In fact, the same approach is used on the C macro offsetof (wikipedia):

#define offsetof(st, m) ((size_t)(&((st *)0)->m))

So the confusion here revolves around the fact that NULL pointers are scary. But from a compiler and standard point of view, the expression is legal in C (C++ is a different beast since you can overload the & operator).

0
2501 On

Let's start with the indirection operator *:

6.5.3.2 p4: The unary * operator denotes indirection. If the operand points to a function, the result is a function designator; if it points to an object, the result is an lvalue designating the object. If the operand has type "pointer to type", the result has type "type". If an invalid value has been assigned to the pointer, the behavior of the unary * operator is undefined. 102)

*E, where E is a null pointer, is undefined behavior.

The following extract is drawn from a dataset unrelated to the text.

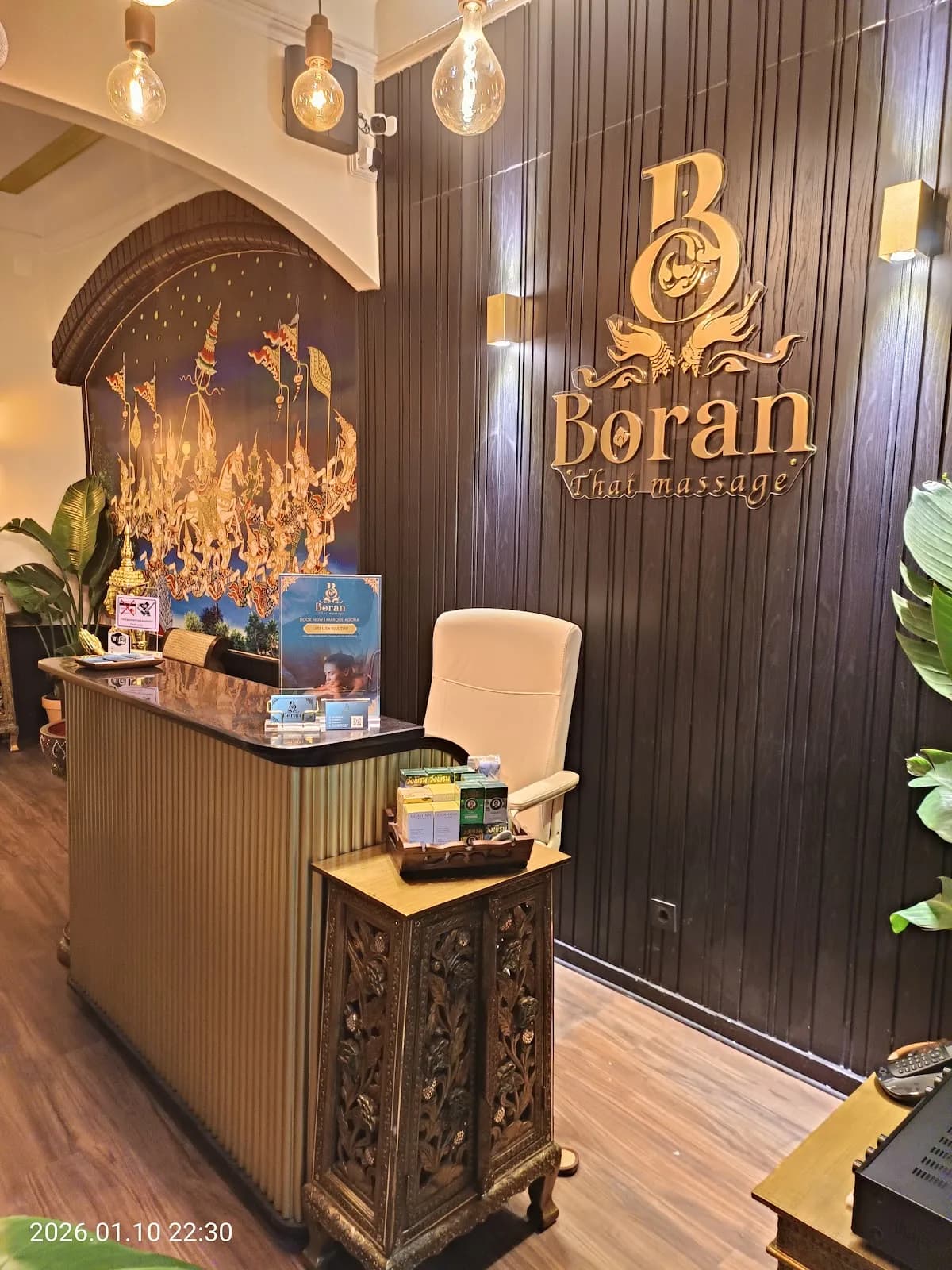 Boran Thaí Massage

There is a footnote that states:

102) Thus, &*E is equivalent to E (even if E is a null pointer), and &(E1[E2]) to ((E1)+(E2)). It is always true that if E is a function designator or an lvalue that is a valid operand of the unary & operator, *&E is a function designator or an lvalue equal to E. If *P is an lvalue and T is the name of an object pointer type, *(T)P is an lvalue that has a type compatible with that to which T points.

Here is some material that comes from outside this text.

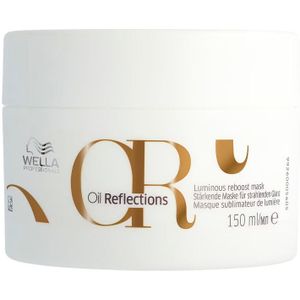 Wella Professionals - OIL REFLECTIONS - Oil Reflections Mask - Haarmasker voor alle haartypes - 150ML.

Which means that &*E, where E is NULL, is defined, but the question is whether the same is true for &(*E).m, where E is a null pointer and its type is a struct that has a member m?

C Standard doesn't define that behavior.

If it were defined, new problems would arise, one of which is listed below. C Standard is correct to keep it undefined, and provides a macro offsetof that handles the problem internally.

6.3.2.3 Pointers

  1. An integer constant expression with the value 0, or such an expression cast to type void *, is called a null pointer constant. 66) If a null pointer constant is converted to a pointer type, the resulting pointer, called a null pointer, is guaranteed to compare unequal to a pointer to any object or function.

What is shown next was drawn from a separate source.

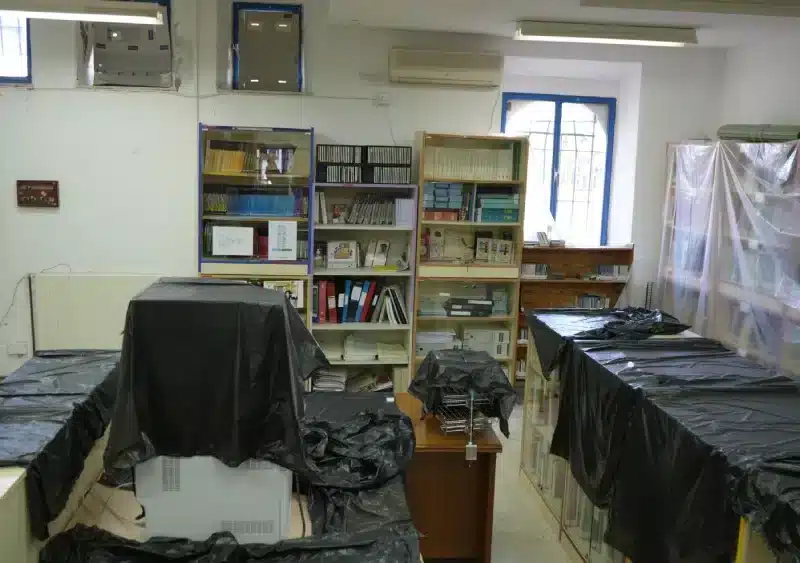 Instalaciones del Centro del Profesorado en el Complejo San Francisco. Álvaro Vázquez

This means that an integer constant expression with the value 0 is converted to a null pointer constant.

But the value of a null pointer constant is not defined as 0. The value is implementation defined.

7.19 Common definitions

  1. The macros are NULL which expands to an implementation-defined null pointer constant

This means C allows an implementation where the null pointer will have a value where all bits are set and using member access on that value will result in an overflow which is undefined behavior

Another problem is how do you evaluate &(*E).m? Do the brackets apply and is * evaluated first. Keeping it undefined solves this problem.

0
supercat On

Nothing in the C standard would impose any requirements on what a system could do with the expression. It would, when the standard was written, have been perfectly reasonable for it to to cause the following sequence of events at runtime:

  1. Code loads a null pointer into the addressing unit
  2. Code asks the addressing unit to add the offset of field b.
  3. The addressing unit trigger a trap when attempting to add an integer to a null pointer (which should for robustness be a run-time trap, even though many systems don't catch it)
  4. The system starts executing essentially random code after being dispatched through a trap vector that was never set because code to set it would have wasted been a waste of memory, as addressing traps shouldn't occur.

The very essence of what Undefined Behavior meant at the time.

Note that most of the compilers that have appeared since the early days of C would regard the address of a member of an object located at a constant address as being a compile-time constant, but I don't think such behavior was mandated then, nor has anything been added to the standard which would mandate that compile-time address calculations involving null pointers be defined in cases where run-time calculations would not.